Segmentation fault while training on a new language

bharathraj-v commented 7 months ago

Hi,

I modified the pflow/text/symbols.py, pflow/text/cleaners.py and configs/model/pflow.yaml similarly to what I had done in MatchaTTS to make the repo work with an Indian language.

But the training keeps crashing with a Segmentation fault (core dumped) error after a certain no. of epochs. The epoch at which segfault is happening is varying depending on the batch size, with higher batch sizes crashing quicker. I'm training with 20 num_workers on a NVIDIA A100 80GB. The batch size I last used was 14 which crashed at epoch 23, previously 17 batch size crashed at epoch 8, and any higher batch size than that was going OOM.

Any guidance regarding this issue would be of great help.

Thank you!

bharathraj-v commented 7 months ago

The tensorboard for the training that crashed at 23 ep: https://github.com/p0p4k/pflowtts_pytorch/assets/69118968/c6ab1c7d-4f91-442b-841f-7f15971e7e81

bharathraj-v commented 7 months ago

My CUDA version/drivers

+---------------------------------------------------------------------------------------+
| NVIDIA-SMI 545.23.08              Driver Version: 545.23.08    CUDA Version: 12.3     |
|-----------------------------------------+----------------------+----------------------+

p0p4k commented 7 months ago

What happens when num workers is 0 or 1 in the dataloader?

bharathraj-v commented 7 months ago

Doesn't seem to make any difference. The same segfault error occurred with 0 num_workers

lexkoro commented 7 months ago

Might be a wild guess, but you could try using the numpy version of maximum_path search: https://github.com/coqui-ai/TTS/blob/dbf1a08a0d4e47fdad6172e433eeb34bc6b13b4e/TTS/tts/utils/helpers.py#L197

Long time ago I also had problems with seg faults, running the training with gdb showed that it was related to maximum_path and using the numpy version fixed it.

lexkoro commented 7 months ago

That's not what I suggested...

bharathraj-v commented 7 months ago

Apologies, I totally misunderstood what you were suggesting. I modified the maximum_path() function in pflow/models/components/aligner.py replacing its logic with that of maximum_path_numpy() from coqui-ai/TTS and tried again and the error still persists.

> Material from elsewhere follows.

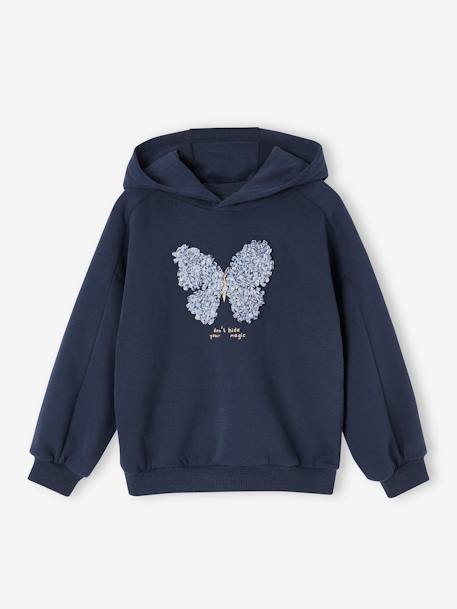 Sweatshirt met capuchon fantasiemotief meisjes marineblauw - vertbaudet enfant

I'm not sure if that's the change I was supposed to make, if that's incorrect please let me know. Also, can you point to how I can run this training with gdb so I can try that?

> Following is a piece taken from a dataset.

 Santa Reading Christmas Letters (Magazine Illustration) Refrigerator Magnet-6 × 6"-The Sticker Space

p0p4k commented 7 months ago

loop through your files and check if any audio file is empty.

p0p4k commented 7 months ago

also try ljspeech, if it works, means problem in dataset.

Tera2Space commented 7 months ago

Apologies, I totally misunderstood what you were suggesting. I modified the maximum_path() function in pflow/models/components/aligner.py replacing its logic with that of maximum_path_numpy() from coqui-ai/TTS and tried again and the error still persists.

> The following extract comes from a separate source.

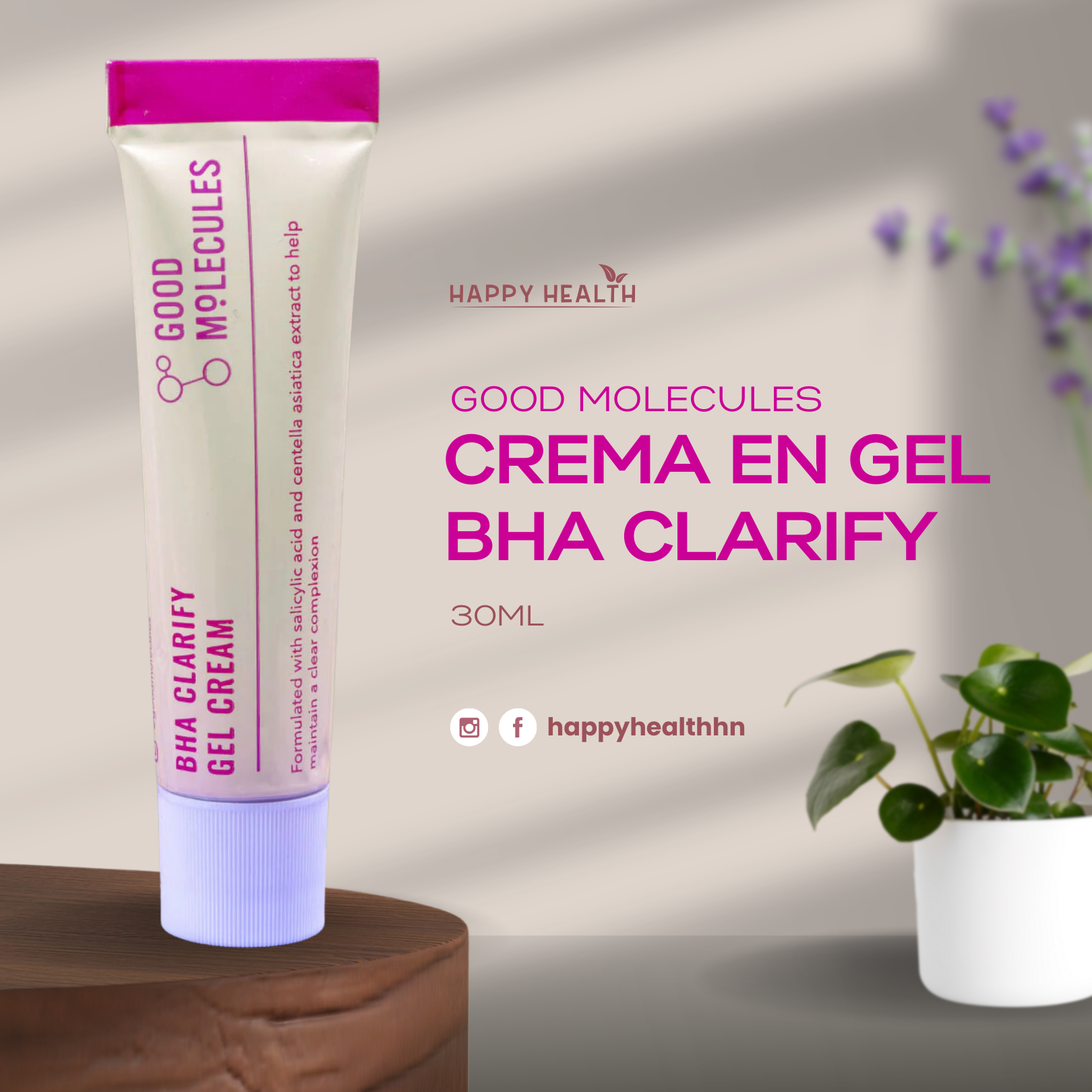 Good Molecules - Crema de gel clarificante; con ácido salicílico, té verde y extracto de Gotu kola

I'm not sure if that's the change I was supposed to make, if that's incorrect please let me know. Also, can you point to how I can run this training with gdb so I can try that?

you need to use maximum_path_numpy in pflow/models/pflow_tts in line 152

patriotyk commented 7 months ago

Looks like this issue is duplicate of #24 Also I just noticed that in this repository there is two implementations of MAS, first one here pflow/models/components/aligner.py And second one written on Cython. And the second one that is written on cython crashes.

So you should replace it with pytorch or numpy implementations in this line https://github.com/p0p4k/pflowtts_pytorch/blob/e700677ddef9f2ff3895c342aa0698e44baaec04/pflow/models/pflow_tts.py#L152

bharathraj-v commented 7 months ago

Hi, apologies for the late response. I changed

from pflow.utils.monotonic_align import maximum_path
attn = (
        maximum_path(neg_cent, attn_mask.squeeze(1)).unsqueeze(1).detach()
)

to

from pflow.models.components.aligner import maximum_path
attn = (
        maximum_path(neg_cent, attn_mask.squeeze(1)).unsqueeze(1).detach()
)

The crashes stopped but the model, even at ep 200,l is synthesizing indecipherable noise. I tried this with both Ljspeech and the custom dataset I used to train matcha before and for both cases, the modification made the model synthesize gibberish. Also, the cython crashes are not happening with LJspeech, just the custom dataset.

Tensorboard for ljspeech with the modified maximum_path(): https://github.com/p0p4k/pflowtts_pytorch/assets/69118968/229343af-33ae-4d25-9a5c-aa6296f71c3d

p0p4k commented 7 months ago

If cython crashes do not happen with ljspeech, make sure non of your audio in the custom dataset is of 0 length. Take a very small subset of the custom dataset (50 samples) and train the model on that. See if cython still crashes.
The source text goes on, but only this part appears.